Director: Zack Snyder
Cast: Emily Browning, Abbie Cornish, Jena Malone, Vanessa Hudgens, Jamie Chung, Carla Gugino, Oscar Isaac, Jon Hamm, Scott Glenn
Synopsis: A young woman is attacked by her stepfather following her mother’s death, as he is in a rage over the daughters inheriting and not himself. During this attack, the woman accidentally kills her younger sister, and the stepfather takes this as an opportunity to have her committed to a mental asylum. He bribes a staff member to have her assigned for a lobotomy, which is to occur in five days time. The girl retreats into a fantasy world wher she is trapped in a bordello. She adopts the persona Baby Doll, and attempts an escape with her fellow inmates.
A review by Film Nerd.
Finally, I am really starting to eat into my list of genre films I wished to see this year, with my third from that list being seen in as many weeks. Sucker Punch has been in cinemas for many weeks, and I have had the chance to read a few reviews myself before seeing it. Many were scathing, portraying the film as little more than a teenage boy’s fantasy. This accusation was levelled due to the fetishistic costumes worn by the five lead actresses, as well as an almost video game style of action to the proceedings.
Both of these accusations are far from invalid, but in my experience of the film, I thought that labelling the films quality on these points alone over-simplified what Snyder was trying to portray with this film. This is his first film that is not either a remake (Dawn of the Dead), or based on a graphic novel (300, Watchmen). He has succeeded in his first attempt at doing something original to achieve just that, a truly unique piece of cinema. I make no claims that this originality opens it to a wide audience, but it deserves a wider audience than just teenage boys.

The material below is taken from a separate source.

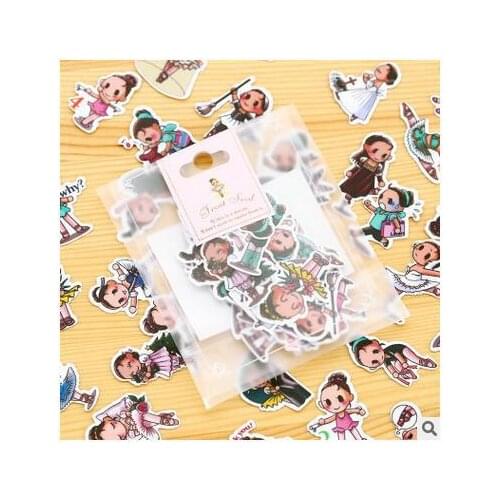 Japan ballet girl Sticker Pack cartoon stickers children hand account album sticker 40PCS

To go into more detail, the majority of the film is set in the fantasy realm of the bordello, yet it then descends into further fantasy scenarios that are fantasies within the fantasy. So far, so Inception. At each level of fantasy, yes the outfits worn do correlate with recognisable fetishistic stereotypes, such as the french maid, the nurse, and the too short sailor outfit. However, the costumes as designed are no worse than costumes routinely seen on-screen in modern cinema. Also, to accuse Snyder of doing this out of chauvinistic elements should recall that he had his largely male cast wear a lot less in 300. This costuming is also not ENTIRELY gratuitous. The bordello is not a setting of titillation, yet it is a representation of their prison the girls are inhabiting in the asylum. In a way, the outfits are a symbol of the bondage they are seeking to break free from. They do look cool, and they do show flesh, but as i said, to leave comments left at that alone is a little incomplete.
As for the film playing like a video game, the fact is the style is well within keeping with Snyder’s style as represented by 300 and Watchmen. This style is most represented on the second level of fantasy, with the girls fighting steam-punk nazis, dragons and robots. The action is over the top, mind-blowing, and visually stunning. They do advance the plot, sometimes just barely, yet later in the film this technique is turned on its own head in a fascinating way, that actually ends up being a stunning way to advance the plot. Speaking of which, the plot itself unravels to be quite clever and emotional, and I am inclined to agree with the starlets that this film can be viewed as quite empowering, and perhaps not just in a girl power sence, but it may just prove empowering for those teenage boys that come for the visuals, especially if they are victims of bullies or of generally being ostracised from their peers.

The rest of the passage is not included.